Determining size of FC layer after Conv layer in PyTorch

Question

I am learning PyTorch and CNNs but am confused how the number of inputs to the first FC layer after a Conv2D layer is calculated.

My network architecture is shown below, here is my reasoning using the calculation as explained here.

The input images will have shape (1 x 28 x 28).

The first Conv layer has stride 1, padding 0, depth 6 and we use a (4 x 4) kernel. The output will thus be (6 x 24 x 24), because the new volume is (28 - 4 + 2*0)/1.

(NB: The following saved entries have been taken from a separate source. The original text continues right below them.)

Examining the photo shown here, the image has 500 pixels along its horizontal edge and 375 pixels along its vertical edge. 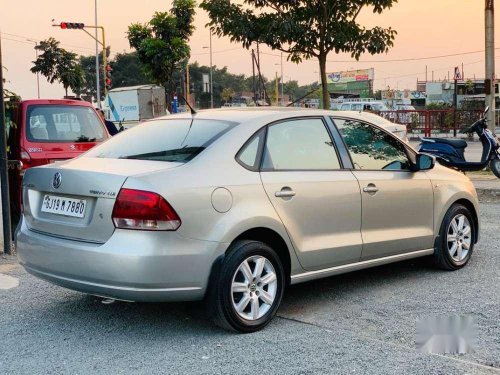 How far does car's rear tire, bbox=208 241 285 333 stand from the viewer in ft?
13.6

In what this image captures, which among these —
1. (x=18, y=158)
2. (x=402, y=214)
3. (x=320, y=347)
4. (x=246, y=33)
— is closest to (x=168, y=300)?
(x=320, y=347)

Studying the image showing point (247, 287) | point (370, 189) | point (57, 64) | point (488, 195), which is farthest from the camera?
point (57, 64)

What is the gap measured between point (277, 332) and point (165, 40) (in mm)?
31179

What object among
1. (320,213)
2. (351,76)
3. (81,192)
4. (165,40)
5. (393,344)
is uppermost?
(351,76)

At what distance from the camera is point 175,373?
3.67 metres

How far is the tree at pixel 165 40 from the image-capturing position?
33469 millimetres

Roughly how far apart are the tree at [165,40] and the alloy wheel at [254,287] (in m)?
30.0

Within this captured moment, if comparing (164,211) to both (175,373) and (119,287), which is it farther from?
(175,373)

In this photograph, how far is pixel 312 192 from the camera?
15.5 ft

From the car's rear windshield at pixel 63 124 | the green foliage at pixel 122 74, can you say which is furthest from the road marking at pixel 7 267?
the green foliage at pixel 122 74

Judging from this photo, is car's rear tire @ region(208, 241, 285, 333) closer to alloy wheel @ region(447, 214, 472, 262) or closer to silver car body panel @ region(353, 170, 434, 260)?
silver car body panel @ region(353, 170, 434, 260)

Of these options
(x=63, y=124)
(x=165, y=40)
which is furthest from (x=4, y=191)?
(x=165, y=40)

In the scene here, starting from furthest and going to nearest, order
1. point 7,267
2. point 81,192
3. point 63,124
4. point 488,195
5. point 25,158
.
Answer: point 488,195 → point 63,124 → point 25,158 → point 7,267 → point 81,192

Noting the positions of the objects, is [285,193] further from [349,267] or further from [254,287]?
[349,267]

Then we pool this with a (2 x 2) kernel and stride 2 so we get an output of (6 x 11 x 11), because the new volume is (24 - 2)/2.

Same thing for the second Conv and pool layers, but this time with a (3 x 3) kernel in the Conv layer, resulting in (16 x 3 x 3) feature maps in the end.

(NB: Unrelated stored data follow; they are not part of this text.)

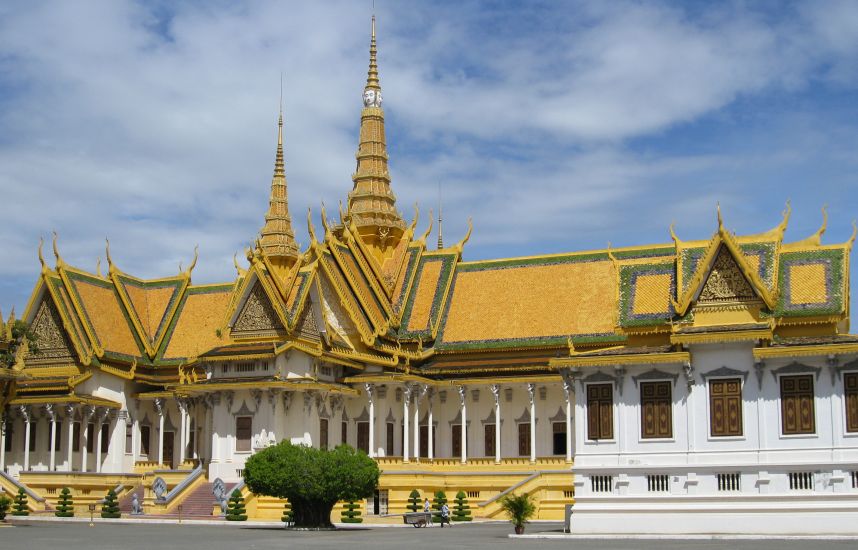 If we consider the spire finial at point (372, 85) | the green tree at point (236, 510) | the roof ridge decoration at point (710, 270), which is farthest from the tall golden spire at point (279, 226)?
the roof ridge decoration at point (710, 270)

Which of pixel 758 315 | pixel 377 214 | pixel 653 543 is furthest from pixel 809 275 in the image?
pixel 377 214

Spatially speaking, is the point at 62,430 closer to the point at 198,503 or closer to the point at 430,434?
the point at 198,503

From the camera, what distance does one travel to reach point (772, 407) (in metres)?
33.2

My assumption would then be that the first linear layer should have 144 inputs (16 * 3 * 3), but when I calculate the inputs programatically, I get 400. What did I miss?

class Net(nn.Module):
    def __init__(self):
        super(Net, self).__init__()
        self.conv1 = nn.Conv2d(1, 6, 4)
        self.conv2 = nn.Conv2d(6, 16, 3)
        self.fc1 = nn.Linear(400, 120)
        self.fc2 = nn.Linear(120, 84)
        self.fc3 = nn.Linear(84, len(classes))
def forward(self, x):
    x = F.max_pool2d(F.relu(self.conv1(x)), (2, 2))
    x = F.max_pool2d(F.relu(self.conv2(x)), 2)
    x = x.view(-1, self.num_flat_features(x))
    x = F.relu(self.fc1(x))
    x = F.relu(self.fc2(x))
    x = self.fc3(x)
    return x

def num_flat_features(self, x):
    size = x.size()[1:]
    num_features = 1
    for s in size:
        num_features *= s
    return num_features # 400, not 144

Related but less so: is there a reasoning used by people to get a good kernel size, number of layers and number of pool layers or does everyone just look at what the SOTA papers do?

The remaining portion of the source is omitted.